In the following sections, we will first explain what graph-parallel algorithms are using the example of the PageRank algorithm. Then we will discuss what we mean by “obliviousness” on graph computation. Then, we will present two naive solutions to this problem. Finally, we will introduce GraphSC, an efficient solution to the oblivious problem.

Graph-parallel Algorithms

Before diving into the model and implementation of GraphSC, we would like to briefly introduce the paradigm of graph-parallel algorithms and the requirements for obliviousness. In the graph-parallel paradigm, a graph is an ordered pair \(G=(V,E)\) consisting of: \(V\), a set of vertices, and \(E \subseteq {{x,y}|x,y \in V \mathrm{and~} x \neq y } \). Every vertex is data-augmented and \(v \in V\) performs computations based on the data associated with neighboring edges and vertices and itself in a parallel fashion. More specifically, there are three main operations:

  • Scatter: A vertex propagates data to its neighboring edges and updates the edges’ data
  • Gather: A vertex aggregates data from neighboring edges and updates its own data
  • Apply: Vertices perform local ccomputation on their own data

Example: PageRank

The above framework of scatter, gather and apply supports the implementation of a wide variety of graph-based algorithms, including computing gradient descent, creating histograms, and matrix factorization. In this section we discuss one important example, PageRank (PR), the algorithm used by search engines to rank web pages in their search results. PageRank works by counting the quantity and quality of links to a web page to measure the importance of a website. Therefore, the more links a website has from other websites, the higher PR it has. To be specific, for each vertex \(u\) of a graph \(G\), PageRank computes a ranking score \(PR\) through a repeated iterating process of updating based on the following assignment: \(\begin{aligned} PR(u) = \frac{0.15}{|V|}+0.85*\sum_{e(u,v)\in E}\frac{PR(v)}{L(v)}, \forall u \in V, \end{aligned}\) where \(L(v)\) is the number of outgoing edges, and all vertices are initialized to have a PR of \(\frac{1}{|V|}\).

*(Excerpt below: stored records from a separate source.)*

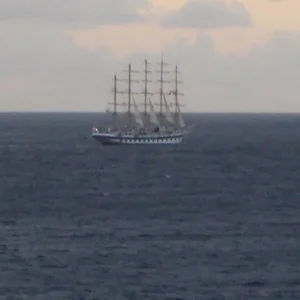 085 Tall sailing ship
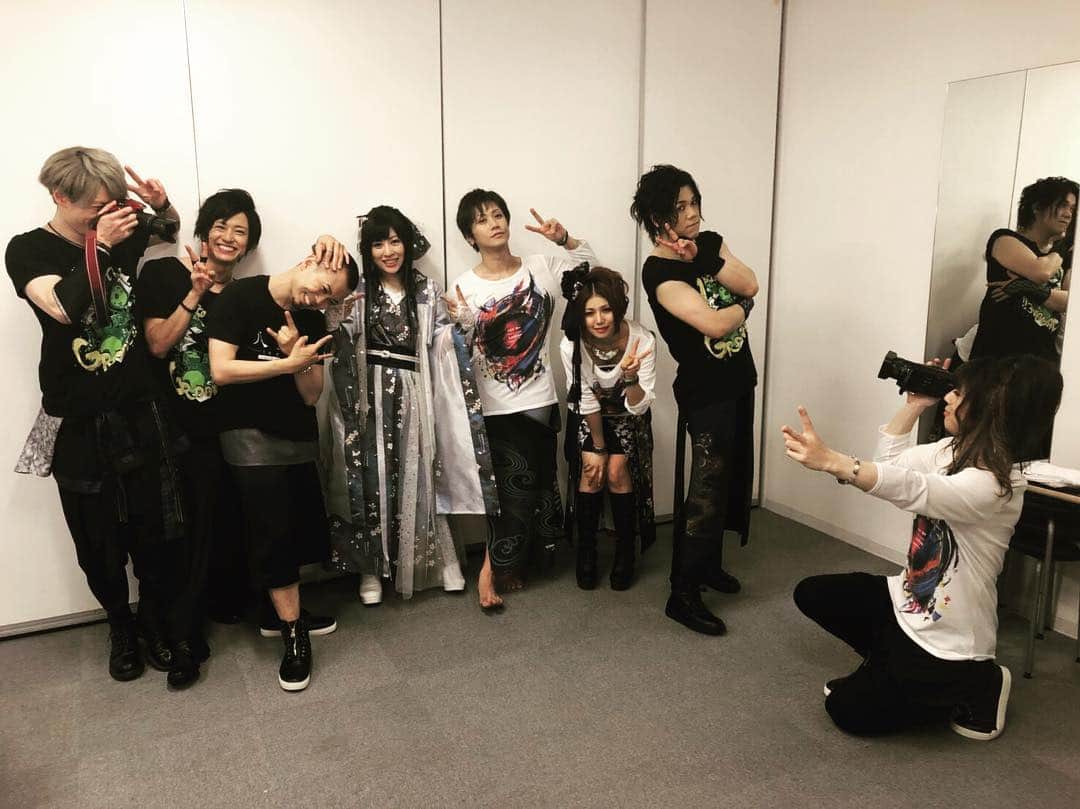 鈴華ゆう子のインスタグラム：「#亜沙カメラですけどー！ #山葵カメラも頑張ってます #音ノ回廊 #wagakkiband  #和楽器バンド」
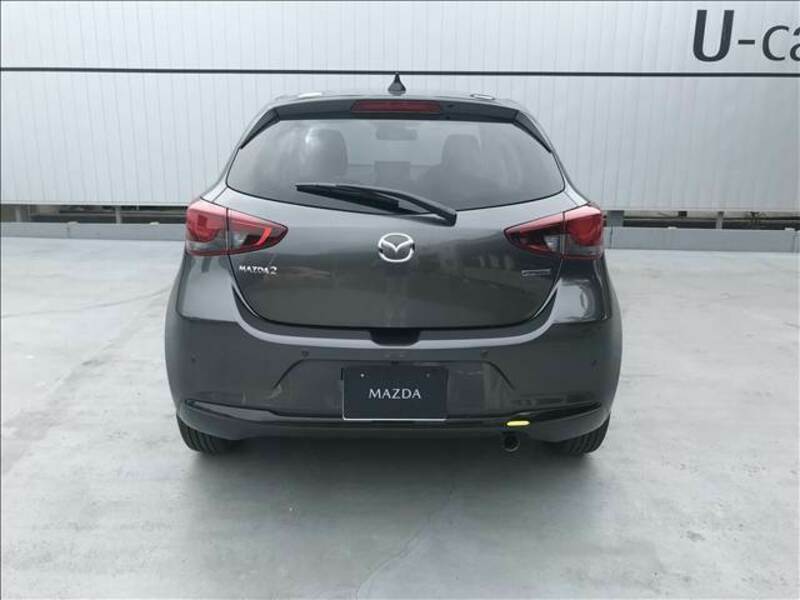 MAZDA2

PageRank algorithm can also be expressed in the paradigm of the three primitive operations: scatter, gather and apply:

function computePageRank(G(V,E,D)):
    fs(e.data, u.data): e.data:= u.data.PR/u.data.L
    ⊕(e1.data, e2.data): e1.data + e2.data
    fa(v.data): v.data.PR := 0.15/|V| + 0.85 * v.data.agg
    for i = 1 to K:
        Scatter(G, fs, "out")
        Gather(G, ⊕, "in")
        Apply(G, fa)

in which the data of each vertex \(v\) stores PageRank of \(v\) and the number of outgoing edges \(L(v)\) while the data of each edge \(e(u,v)\) stores the weight contribution of PageRank to the outgoing vertex \(u\).

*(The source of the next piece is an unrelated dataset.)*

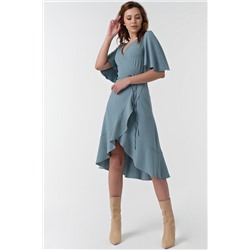 Платье приталенное с воланами миди мятное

Oblivious Graph-parallel Algorithms

Now that we have explained what a graph-parallel algorithm is and potential applications, we can introduce the property of obliviousness. As discussed in the initial section, the privacy needs of computing sensitive graph data have motivated us to ask the question: how we can compute graph-based algorithms without revealing the data stored in the graph. In order to allow this obliviousness in graph-parallel algorithms, we want to achieve the following:

  • only reveal the final output
  • not reveal data on \((V,E)\)
  • not reveal the graph structure and ensure that the information of degrees and neighbors remain hidden to other vertices.

Naive Solutions

An naive solution that achieves obliviousness on the algorithm level would be to carry out operations to every vertex from every vertex to hide any information about graph structure and data. This approach would take \(O(|V|^2)\) time, which is far from ideal. Another naive approach would be on the circuit level. One could write programs using a language designed for sequential secure computation and then use a program-to-circuits compiler to take advantage the security and parallelism that occur at the circuit level. However, the solution is also far from ideal because the converted circuits would be sequential in nature and this process sacrifices many opportunities for pallelism.

GraphSC Solution

Compared to the listed two naive approaches, GraphSC is an efficient framework solution for graph-based parallel computation that supports invocations of basic operations. Inspired by GraphLab and Pregel, it is generalizable by nature and allows the migration of parallel data mining and machine learning algorithms.

Algorithm

In this section, we describe the algorithm specifics of its unique graph representation and the three primitives Scatter, Gather, and Apply in the single-processor setting.

Graph Representation

One key challenge of graph-based oblivious algorithms is hiding graph structure during computation. GraphSC uses an alternative graph representation, expressing tuples in the form <u, v, isVertex, data>, in which each vertex u is represented by the tuple <u, u, 1, data> and each edge (u, v) by <u, v, 0, data>.

Three Primitives

With the graph representation defined, we now describe the implementation of GraphSC primitives: Scatter, Gather, and Apply:

Scatter

In the Scatter primitive, we first perform an oblivious sort on G in order to group tuples with the same source vertex together and to ensure that each vertex appears before all the edges originating from it. Next, we conduct a single linear scan to update the value of each edge cell with the nearest preceding vertex cell based on the user defined function \(f_s\). The scatter operation is oblivious because its two components, oblivious sort and propagation, both do not reveal any information of graph data and structure, as the algorithm treats both vertex and edge data indistinguishably. The operation can be performed in \(O(M\log|M|)\) for \(M=|V|+|E|)\) and using an oblivious sort with \(O(M\log|M|)\).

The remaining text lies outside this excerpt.